• DATA EXTRACT:
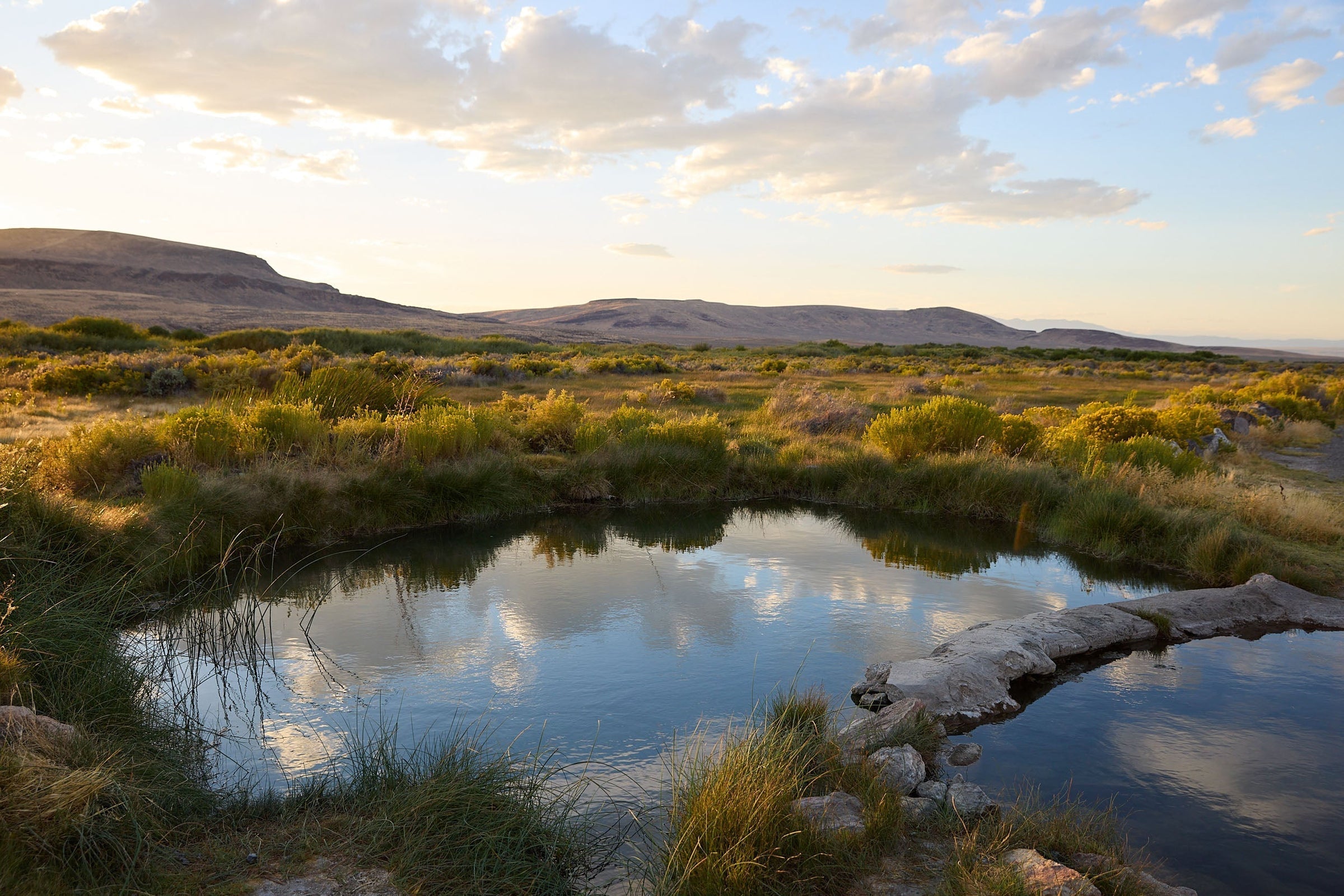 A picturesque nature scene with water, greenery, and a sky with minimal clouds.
---
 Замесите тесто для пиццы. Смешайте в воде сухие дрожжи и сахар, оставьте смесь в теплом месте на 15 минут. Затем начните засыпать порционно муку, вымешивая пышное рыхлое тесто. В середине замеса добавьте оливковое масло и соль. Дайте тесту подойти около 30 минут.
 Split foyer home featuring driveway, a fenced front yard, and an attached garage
==
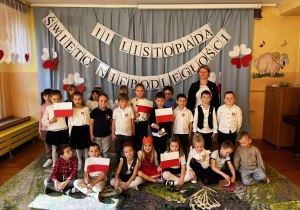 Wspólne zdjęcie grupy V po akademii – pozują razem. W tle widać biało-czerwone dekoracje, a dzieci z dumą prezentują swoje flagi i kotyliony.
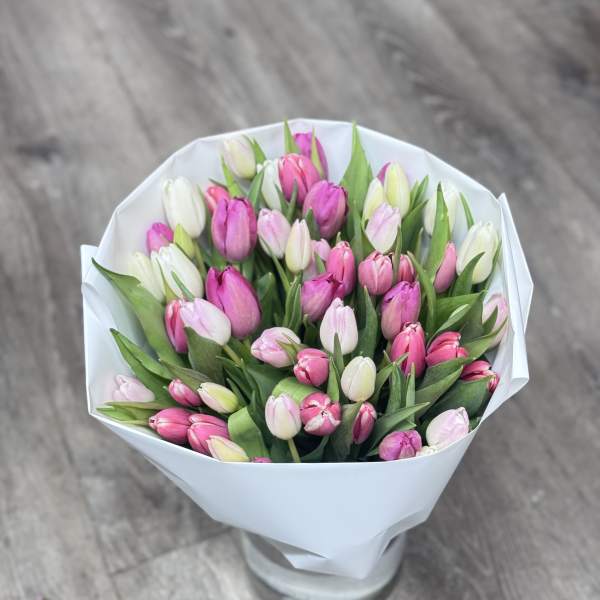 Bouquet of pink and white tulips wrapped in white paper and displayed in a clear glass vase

• HOW TO COMPLETE THIS TASK: From the records above, quote word for word only the lines beginning at the line that has "Wspólne zdjęcie grupy" and stopping after the line that has "Bouquet of pink". Omit the pictures.

• EXPECTED ANSWER:
 Wspólne zdjęcie grupy V po akademii – pozują razem. W tle widać biało-czerwone dekoracje, a dzieci z dumą prezentują swoje flagi i kotyliony.
 Bouquet of pink and white tulips wrapped in white paper and displayed in a clear glass vase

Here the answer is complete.